Curiously, despite being dubbed the “pink city” of our nation, it didn’t appear to be one until I began looking for the magic touch of pink. Readers, I’m kidding! I eventually came to the conclusion that the city’s signature exteriors, particularly those of the night markets, are what give it its distinctive pink and red color. Vendors set up shop even on the upper floors of ancestral buildings constructed in the late ages, beehived with so many little windows and brightly lit. The walled city of Jaipur, which initially appears to be in ruins, becomes pink the moment it is lit up for the night, and that’s when the real fun starts. However, I believe that Hawa Mahal is simply overrated. It’s a famous landmark and possibly charming, as expected, but I wouldn’t describe it as an amazing visual display. I was therefore really excited to return to my haveli, whether it was for the hand-painted frescoes or the suite’s architectural interiors. I was alone, if only for the necessary tranquility — the pool, surrounded by artificial lanterns, stood out above the others.
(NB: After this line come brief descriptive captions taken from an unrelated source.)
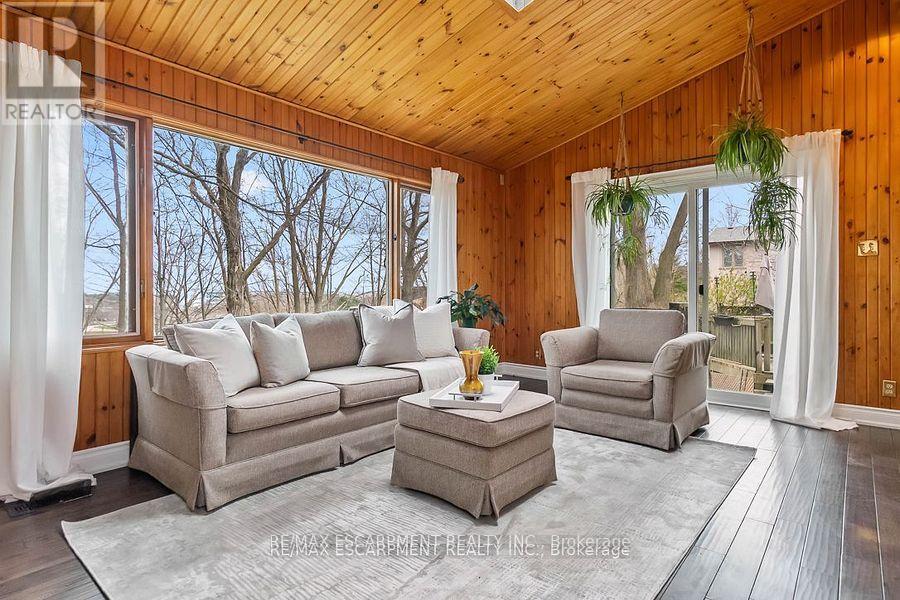 Photo 43 of 516 Falgarwood Drive, Oakville ON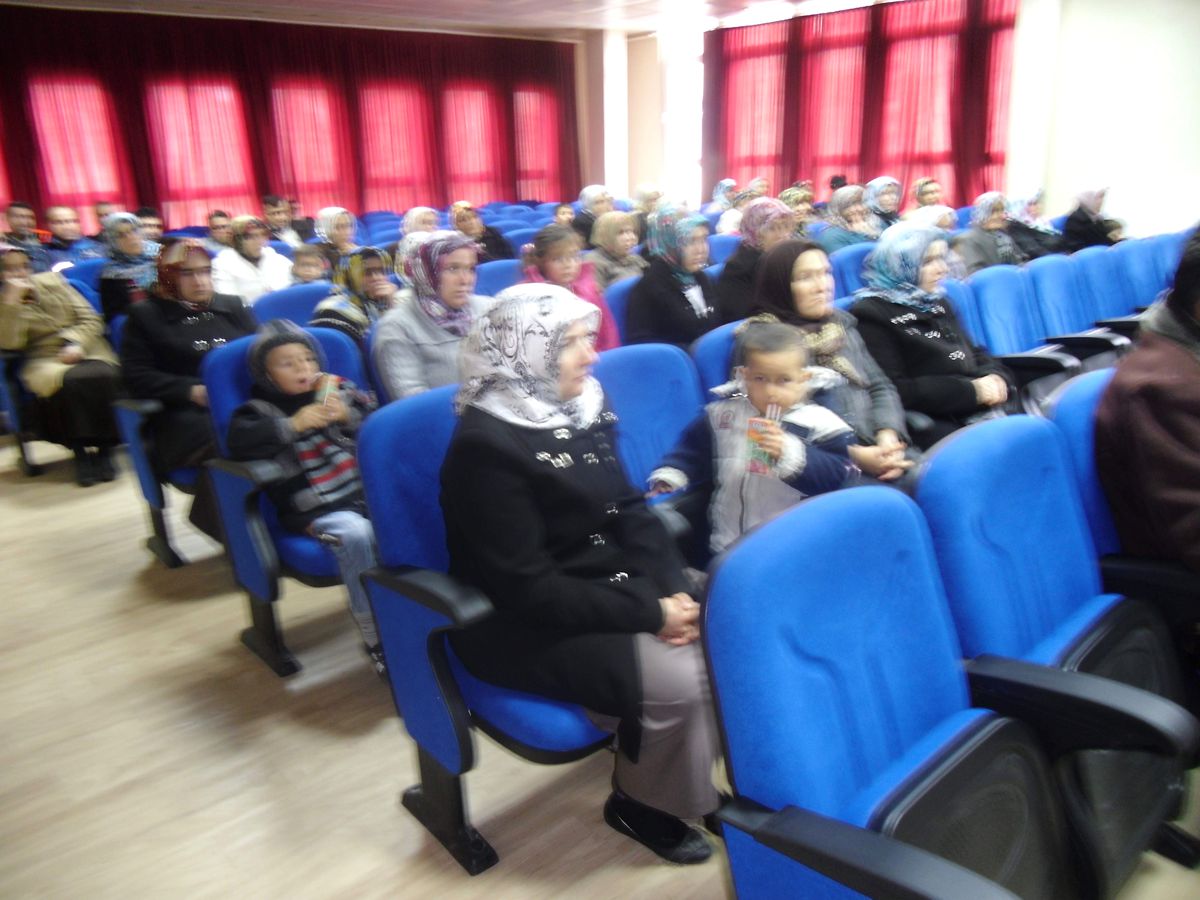 Küre\'de \'Öğrenci Başarısına Velinin Katkısı\' Konulu Seminer Düzenlendi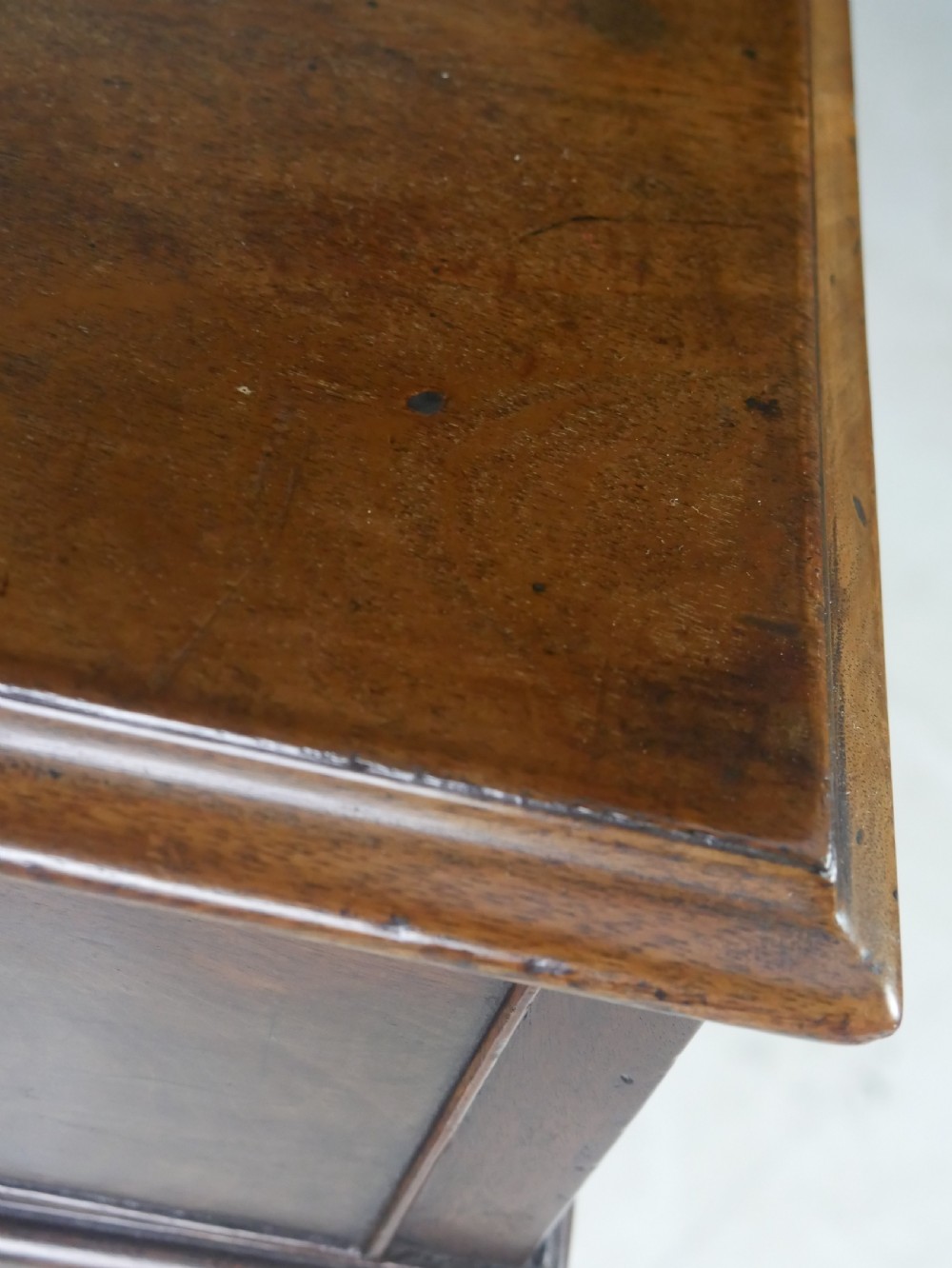 Georgian Side Cabinet View VI
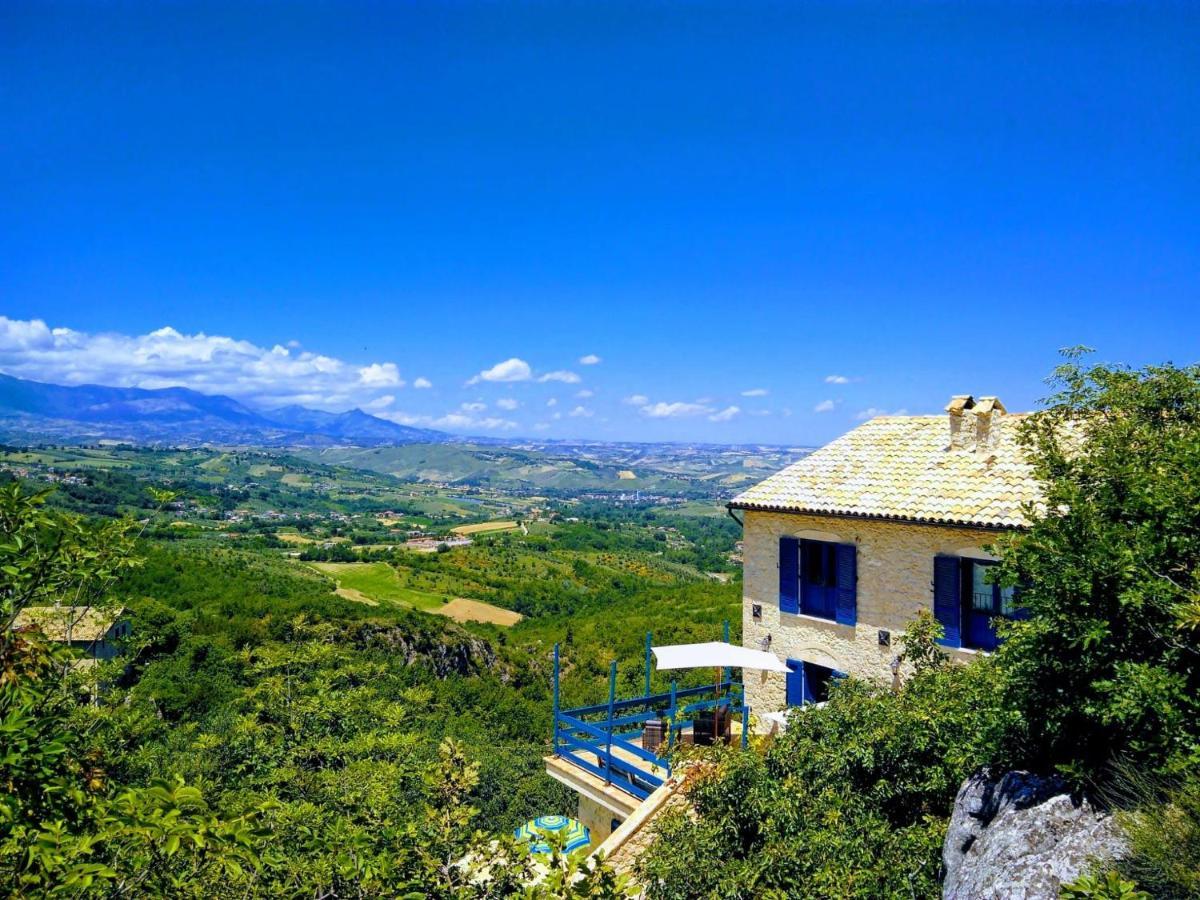 La Casa Dalle Finestre Blu Abbateggio Dış mekan fotoğraf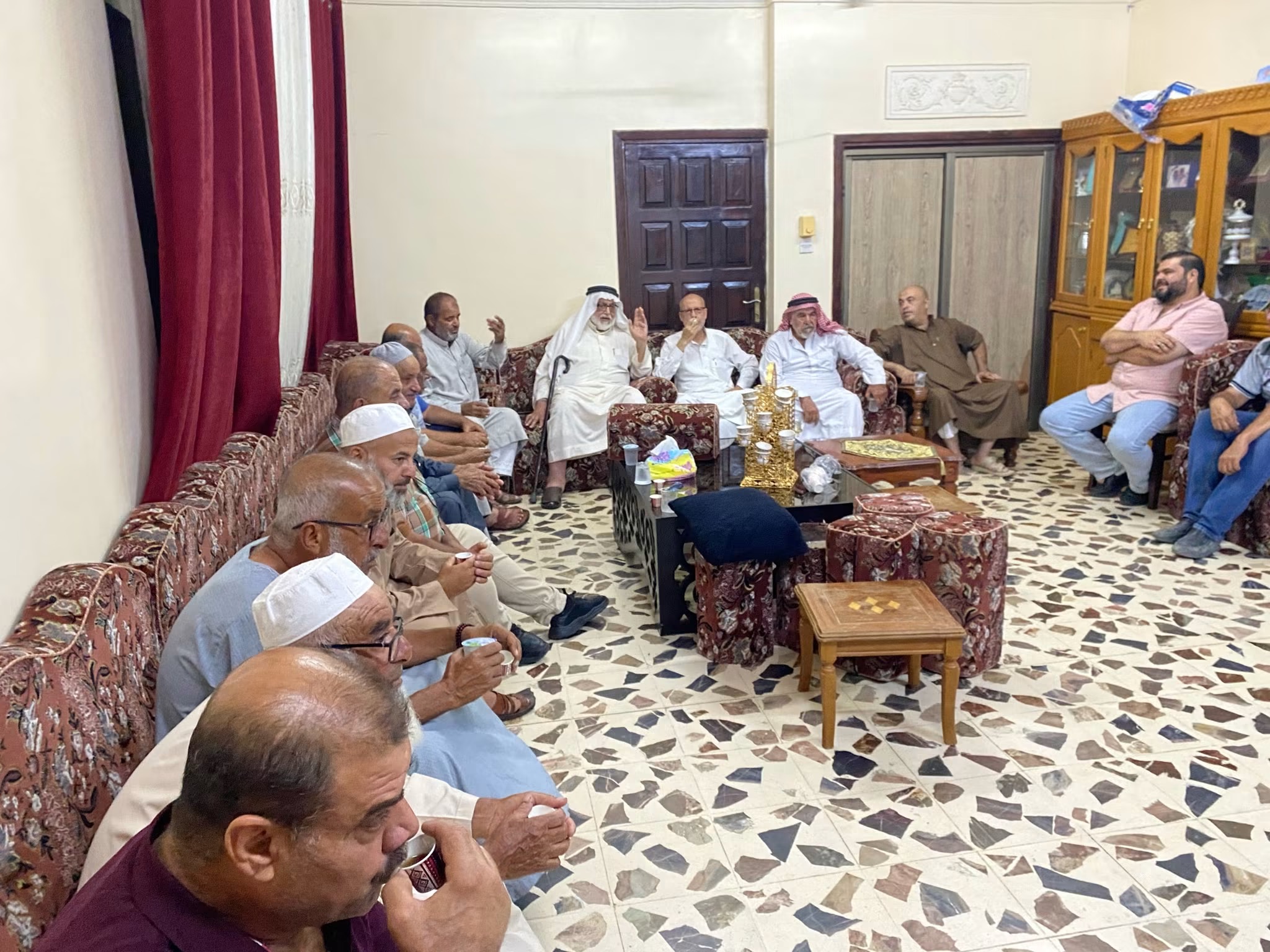 عشيرة الرياطي تؤكد ثقتها بالقضاء وتجدد الولاء للقيادة الهاشمية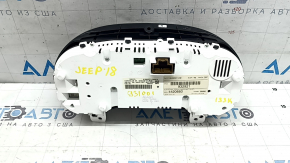 Щиток приборов Jeep Grand Cherokee WK2 17-17 133к
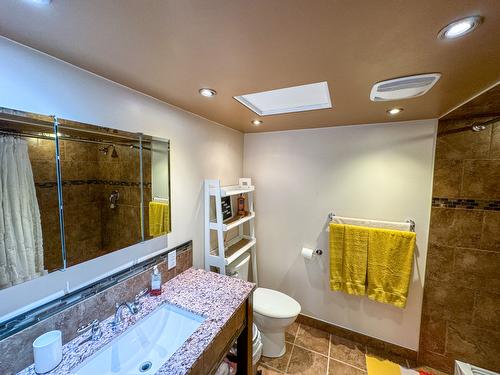 4609 41St Street, Osoyoos, BC - Indoor Photo Showing Bathroom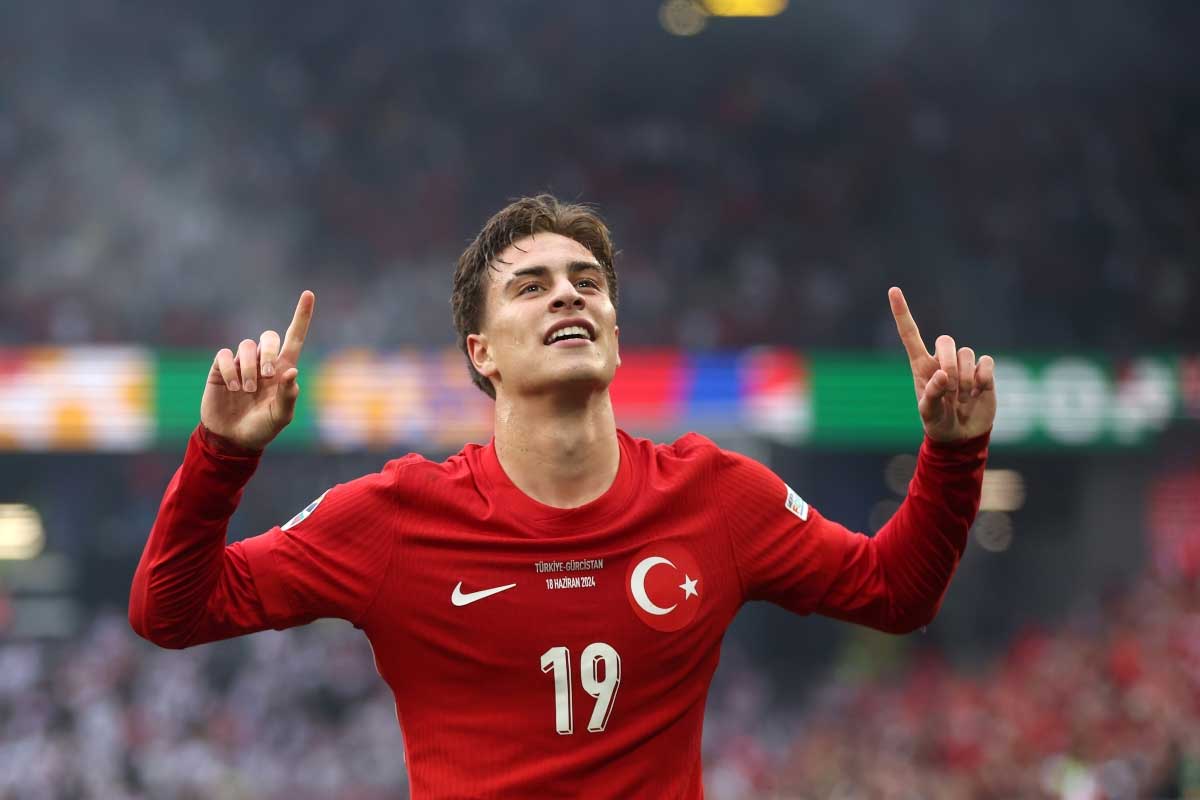 Arsenal Ikut Perburuan Kenan Yildiz | Skor.co.id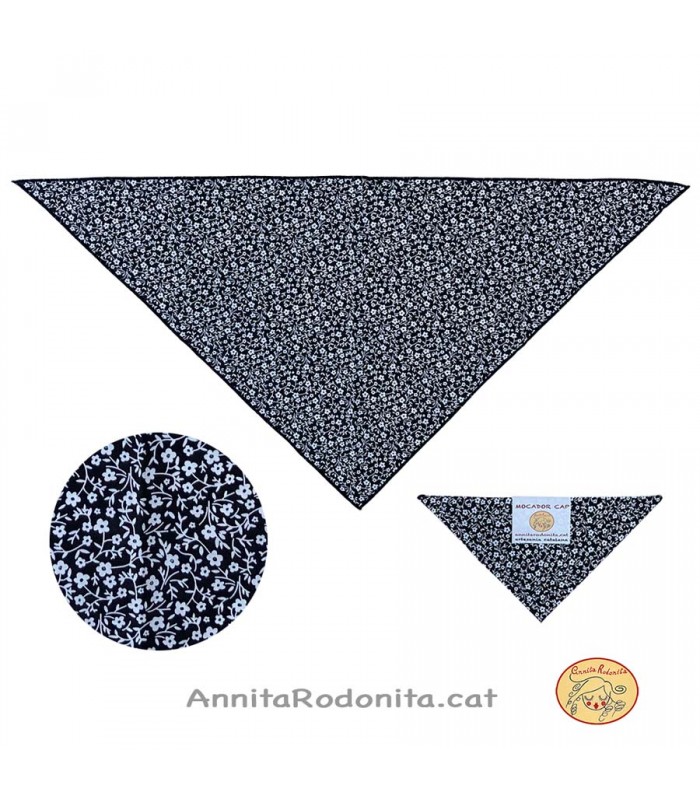 Conjunt castanyera flor blanca i negre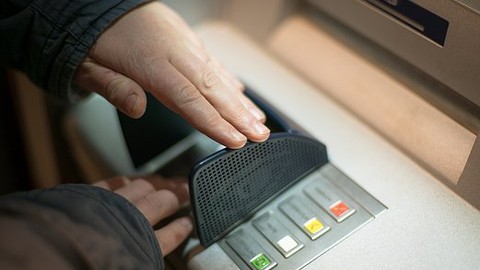 Bargeld am Automaten  nur noch ab 50 Euro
Let me take you further into this travelogue so you may discover more history. Situated at the base of a tiger fort, I observed an impressive fusion of Rajput and Mugal architectural styles. Even in its stones, I could see the royalty at Gaitore Ki Chattriyaan! The birds’ constant flying added to the scene’s scenic quality. Very enduring! Then it was time for us to sit on a hill covered with fortresses, and we couldn’t have done so without a car. Due to its historical significance, Amber Fort is experiencing a massive influx of people. You guys need to beware of the tour guides! They never stop being clingy. Although the fortress’s expansive perspective of the surrounding hills more than makes up for the tour guides’ neediness, I was so angry by this behaviour that only delicious cuisine could have made up for it. The experienced cook at the haveli was prepared to present his signature dish to me. I have to admit that Rajasthani food is taken quite seriously! I ate mangodi papad ki sabzi, a creative culinary treat, in the tranquility of the inner courtyard. It was novel and unlike anything I had ever seen.
After that, I went down a spiritual path. Even the temples themselves were screaming their own stories of faith and unique artwork. I remember an instance, almost like a scenario from a movie, where I see about fifty Rajasthani ladies in brightly coloured sarees reciting the legend of Galta Ji Mata as soon as I enter one of the shrines. I sat down with them in front of a spiritual peepal ka pedh under the open sky out of instinct, only to learn about the fascinating and faith-filled world of a sacred site. All-encompassingly, I had my own special experiences in Jaipur, including teaching myself how to create handloom artwork with the assistance of weavers.
In the end, as a journalist, I’m always curious to learn about the establishment of the stay I’m staying at because it’s so unique. I was living in the same room as one of her Greek ancestors, or rather, I was accidentally bumping into the young lady associated with the haveli and her parents, who told me about some of their unforgettable memories at the haveli, including the one that smitten me — the frangipani spa, which used to be her grandmother’s kitchen to cook the hunting delights! Completely engrossing, it had to be among the most tranquil Jaipur experiences.